Satoshi:ものすごくあります……(笑)。キャラクターの髪型など2Dでは“ごまかし”が効く部分も3Dではしっかりと作る必要があります。

Shuhei:漫画の場合、困るのは色ですね。コミックだとやはり白黒なので、表紙などの限られた情報が重要になります。

Iyad:タイアップが決まったときはまず漫画の単行本を全巻購入して、「このキャラクターはこれだ!」というシーンにすべて受験生のように付箋を貼っていきます(笑)。そこから実際にモデルとして起こす顔を決めるのですが、長期間連載している漫画だと初期と最後の方では絵柄が異なることも多いのでそこで迷ったりします。漫画だと常に目が隠れているキャラクターもいて、目が出ている場面を一生懸命探しました(笑)。

Shuhei:正面と横で目や鼻の位置が違う場合、どちらに合わせるのかといったこともありますね。全アングルの資料があれば嬉しいのですがやはりそれはなかなか難しいので、とにかく原作から情報を拾い一つ一つ解決していくという感じです。

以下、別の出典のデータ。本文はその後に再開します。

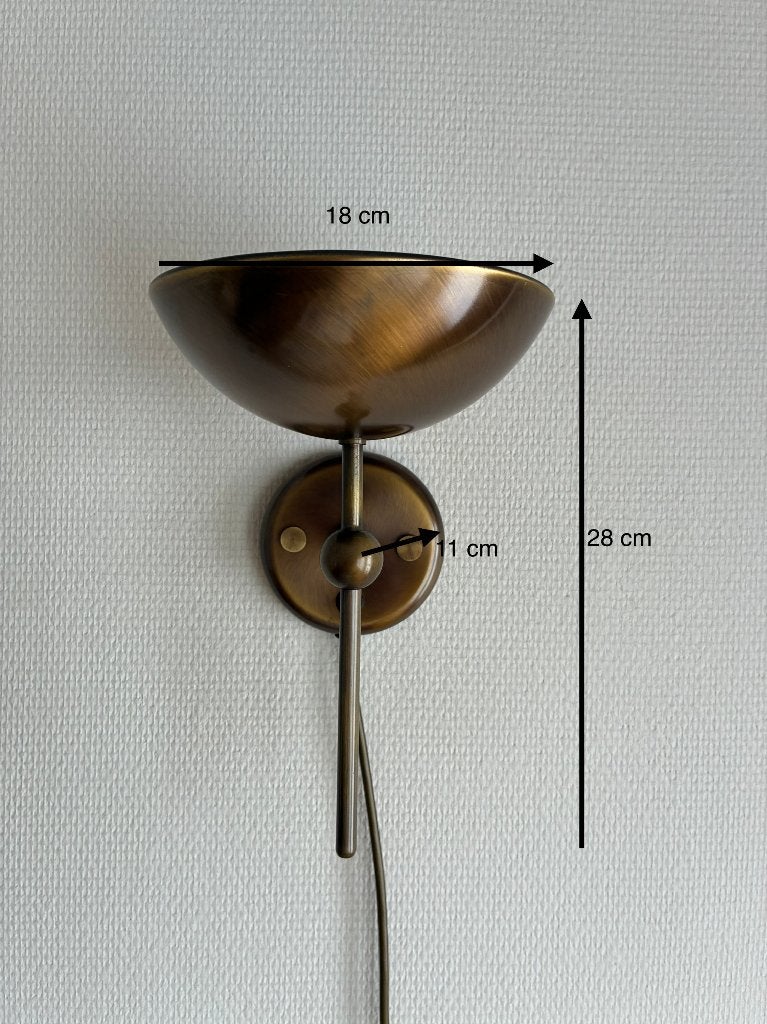 Vintage wandlamp bronskleurig, Gebruikt, Overige fittingen, Ophalen of Verzenden, Metaal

― 選手の作成を含めデザインに携わる上で、大切にしているコンセプトはありますか?

Satoshi:「似ているかどうか」に尽きますね。ターゲットを“サッカー好き”に絞っているので、そういった方が見てただ「似ている」というだけでなく、テンションが上がるかが大事だと思っています。その辺りは、“サッカー好き”が揃っている社内でまずは確認し、仮に「何か違う」と言われればそこから地獄が待っています(笑)。

― 最近では、セバスティアン・ベロンの出来に個人的にすごく感動しました!

Shuhei:ありがとうございます。ベロンは、苦戦した方ですね。あのワイルドさがなかなか出なくて……。本物をよく見ると結構目がキラキラしたりしていて、そのまま作るとどうしても「いいベロン」になってしまうんです(笑)。ベロンらしいワイルドな雰囲気を出すのに苦労しました。

Iyad:写真に似せることを意識して作成すると、表情がプレー中よりも穏やかに、時にはマネキンのようになってしまうため、そこはうまく調整しています。ゲームでは一つの表情で様々なプレーが表現されるので、しっかり“かっこいい表情”を作らないと違和感が出てしまうんです。